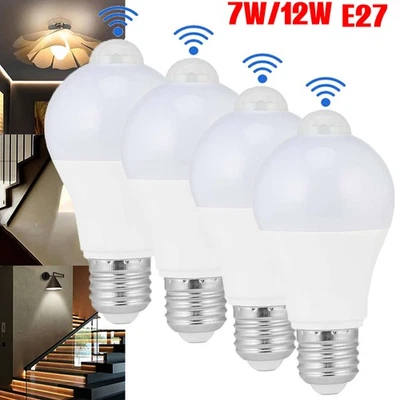  E27 LED Glühbirne Birne mit Bewegungssensor Bewegungsmelder PIR Licht 7W/12W - Bild 1 von 4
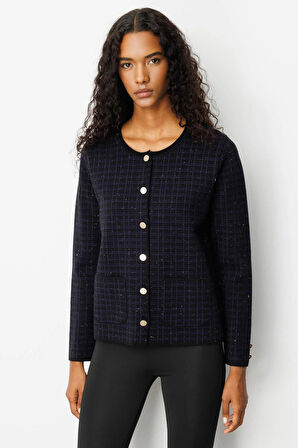 Kadın Triko Kareli Simli Ceket Siyah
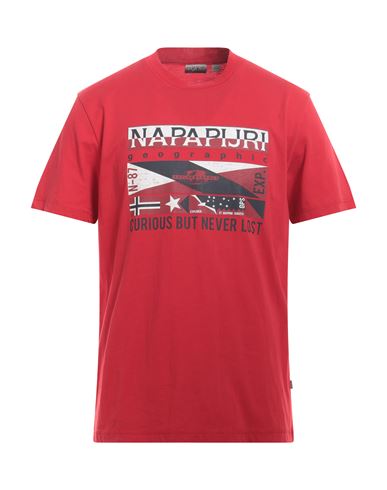 Napapijri Man T-shirt Red Size Xl Cotton, Elastane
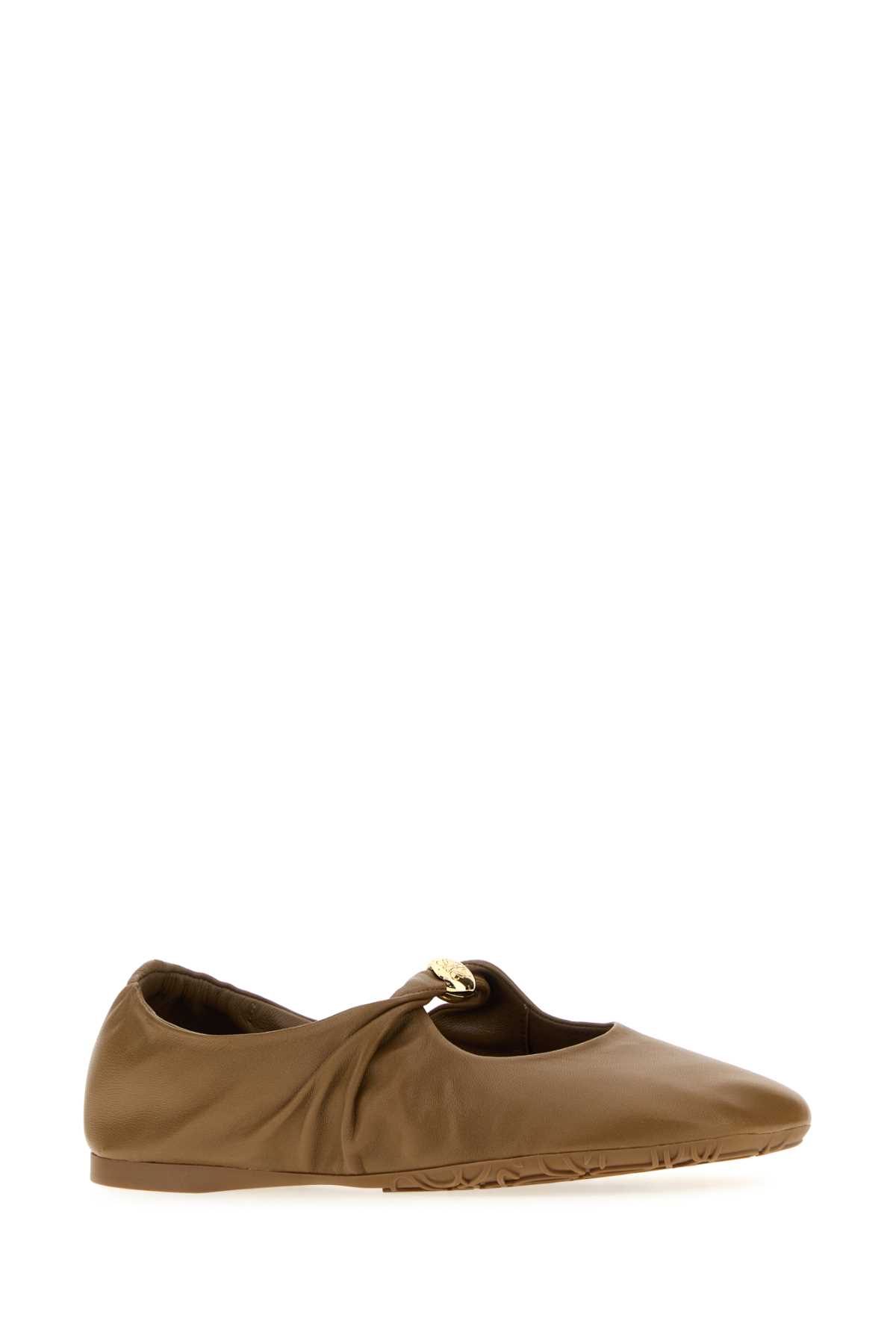 Loewe Camel Nappa Leather Pebble Ballerinas In Brown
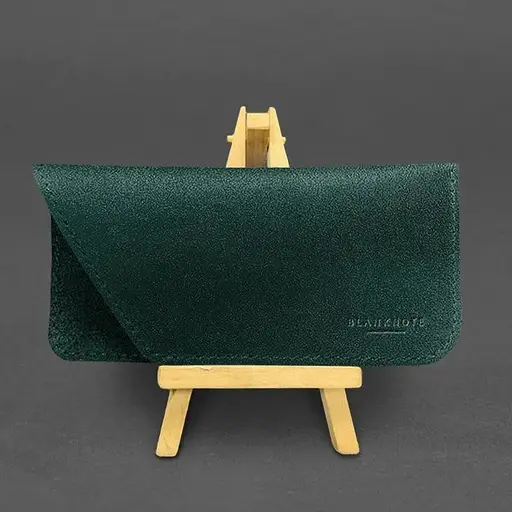 Кожаный чехол для очков BlankNote Краст Зеленый - фото 2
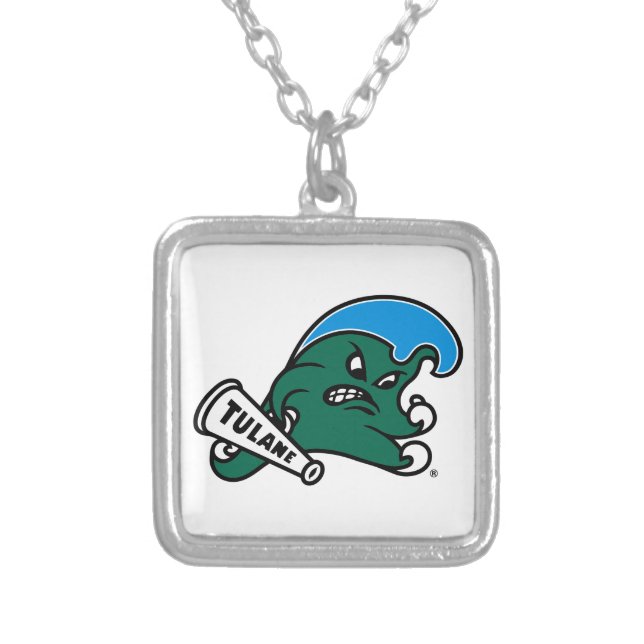 Tulane University Wave Silver Plated Necklace (Front)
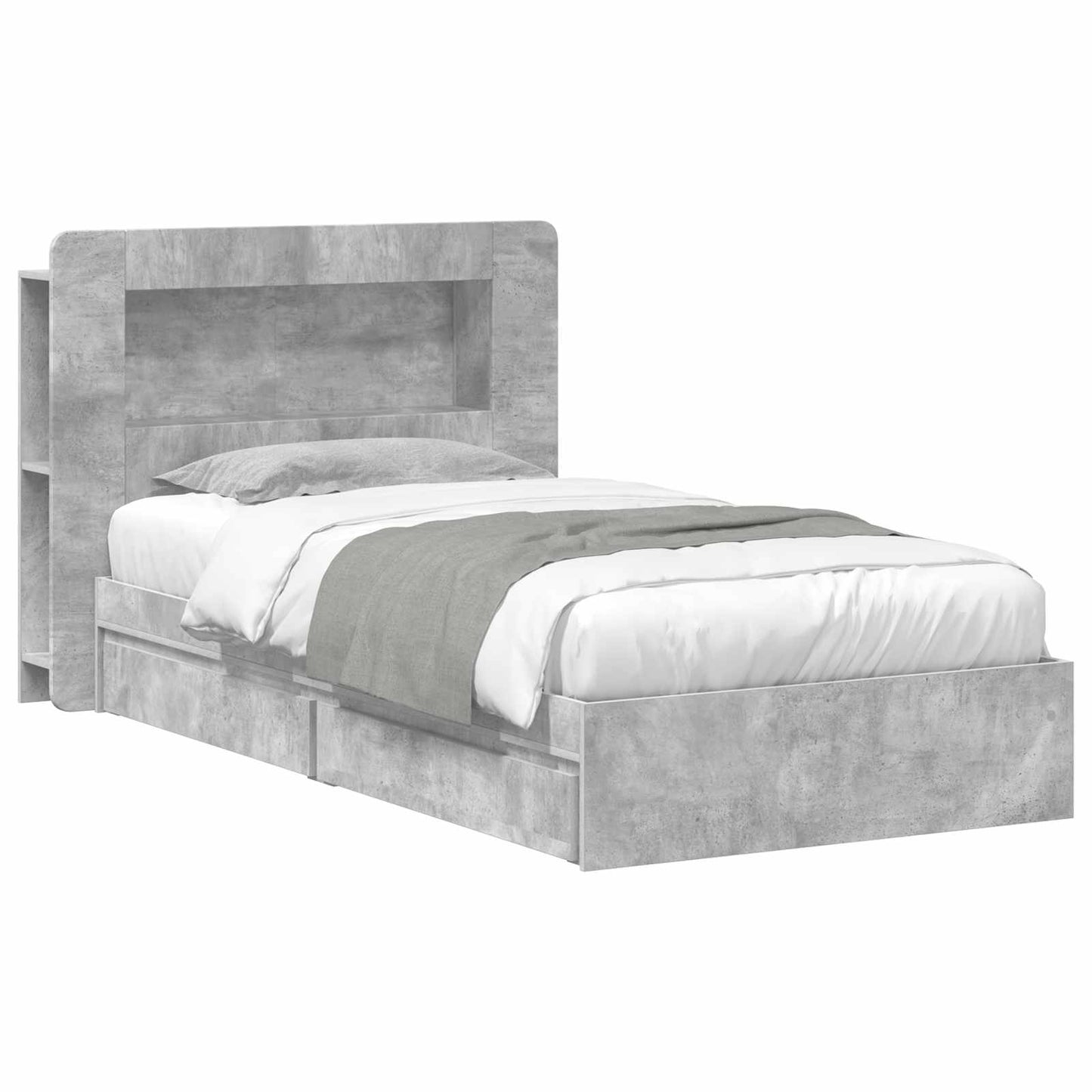 Bedframe met opslag Betongrijs 75 x 190 cm Bewerkt hout is nu te koop bij PeponiXL, paradijselijk wonen!
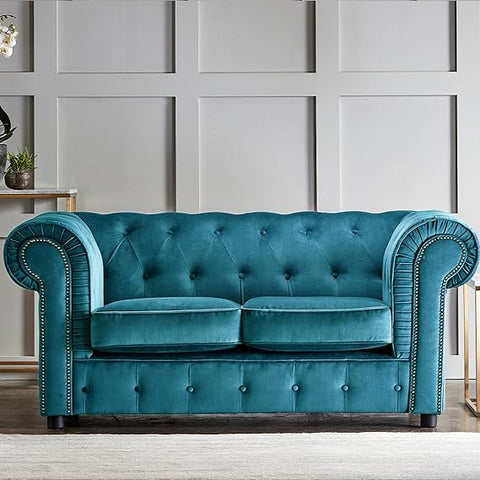 New Chesterfield Sofa Set Plush Fabric Teal Studded Large Sofa Suite (Teal, Sofa Set(3 Seater + 2 Seater))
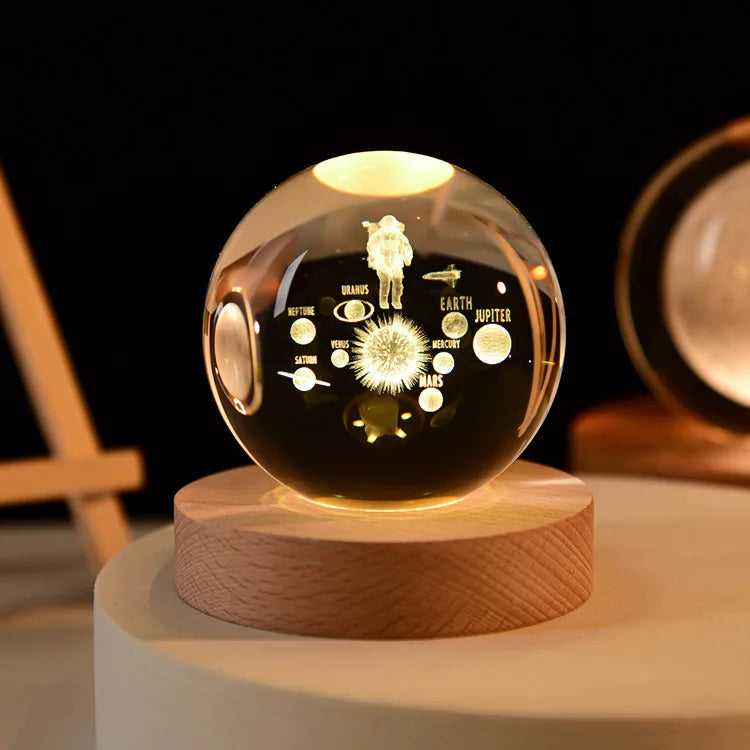 3D crystal ball solar system engraved decorative gift - vue 9 sur 32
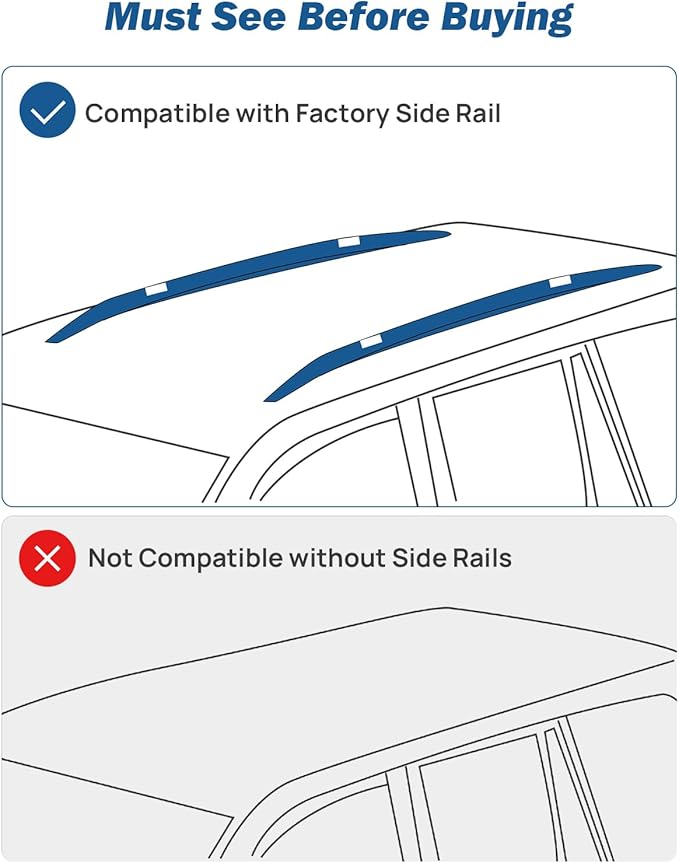 JOYTUTUS Lockable Car Roof Rack Cross Bars, Compatible with Toyota RAV4 2019-2025 with Factory Side Rail (Not Fit Adventure/Hybrid Woodland Edition/TRD Off-Road/22-24 LE), Aluminum Crossbars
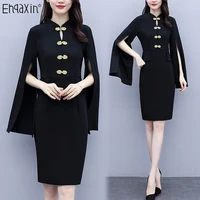 ehqaxin elegant ladies dresses retro button cheongsam fashion split long sleeve romantic dress ethnic style l 5xl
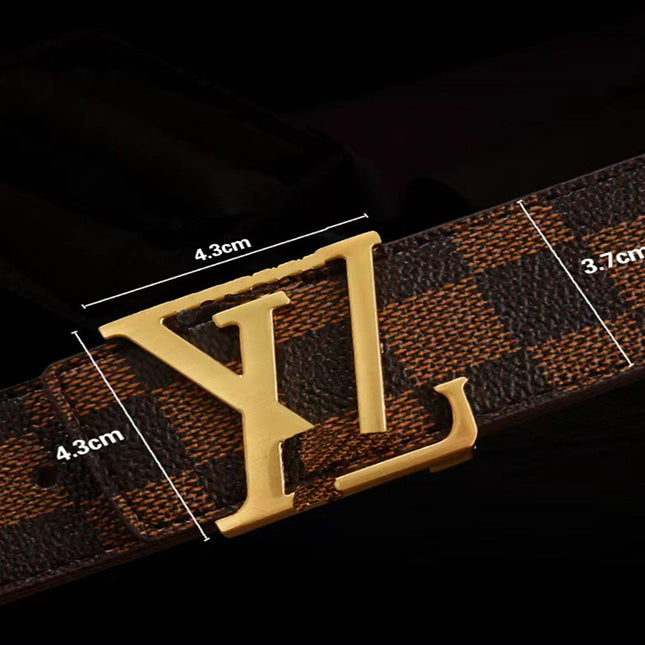 New Men's Belt Smooth Buckle Waist Belt Letter Youth Plaid Pattern Belt Korean Style Trendy Casual Versatile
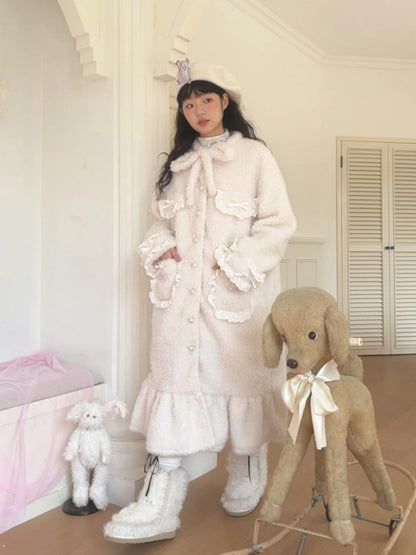 Daytoday Soft Plush Long Bow Tie Warm Coat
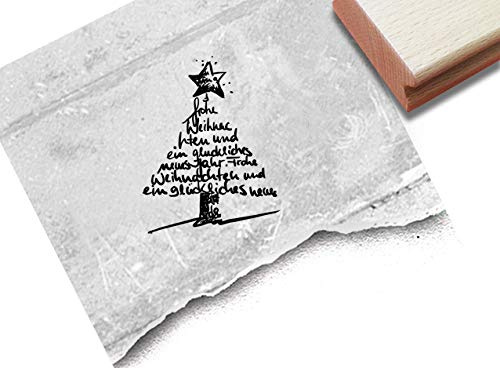 Stempel Weihnachtsstempel Frohe Weihnachten und ein glückliches neues Jahr, Baum - Textstempel Karten Geschenkanhänger Weihnachtsdeko - zAcheR-fineT (klein ca. 38 x 49 mm)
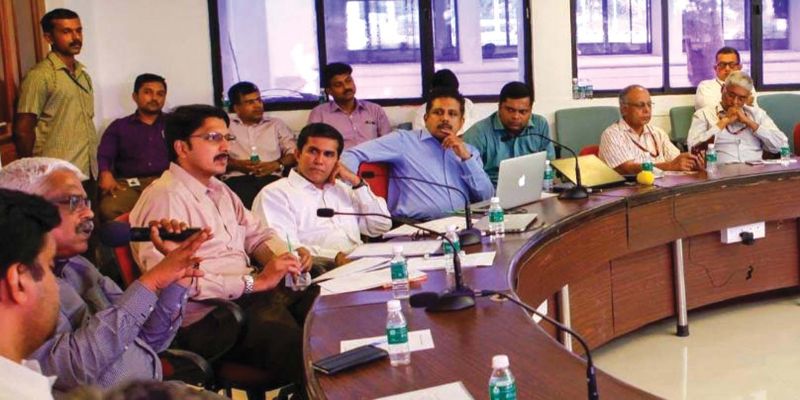 IT Secretary M Sivasankar interacting with top officials of Technopark companies on Monday. Technopark CEO Hrishikesh Nair, GTech secretary Vijayakumar P, GTech innovation focus group chairman Anoop Ambika and GTech CEO Renjith Ramanujam are also seen. (Photo: DC)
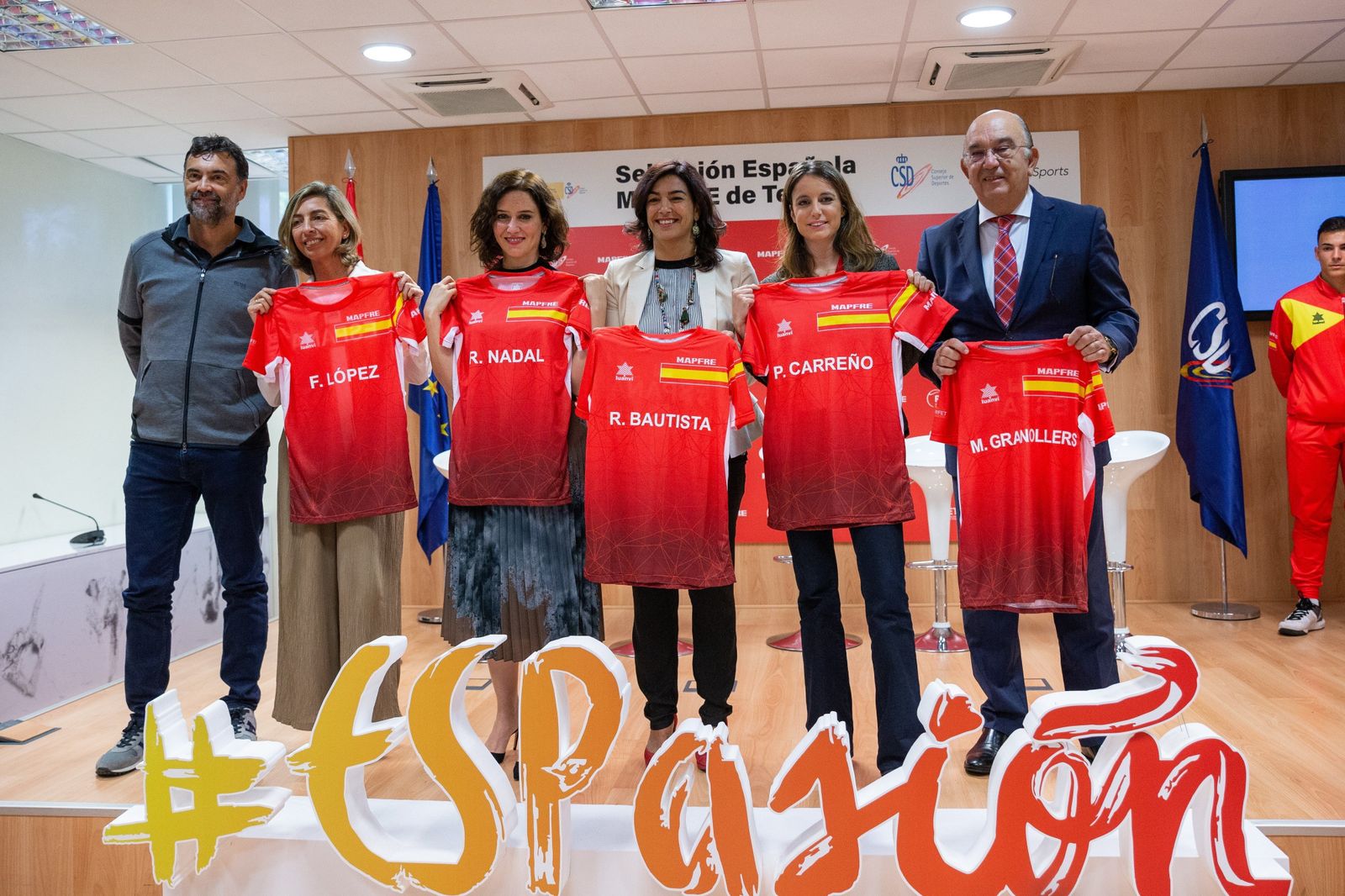 Imagen de la presentación del equipo español para la Copa Davis en la sede del CSD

· · · · · · ·

What is needed ▸ Give again the lines of the listing above that run from the one with "Daytoday Soft Plush Long Bow Tie Warm Coat" up to and including the one with "Stempel Weihnachtsstempel Frohe". Keep them exact and omit the pictures.

Answer section ▸
 Daytoday Soft Plush Long Bow Tie Warm Coat
 Stempel Weihnachtsstempel Frohe Weihnachten und ein glückliches neues Jahr, Baum - Textstempel Karten Geschenkanhänger Weihnachtsdeko - zAcheR-fineT (klein ca. 38 x 49 mm)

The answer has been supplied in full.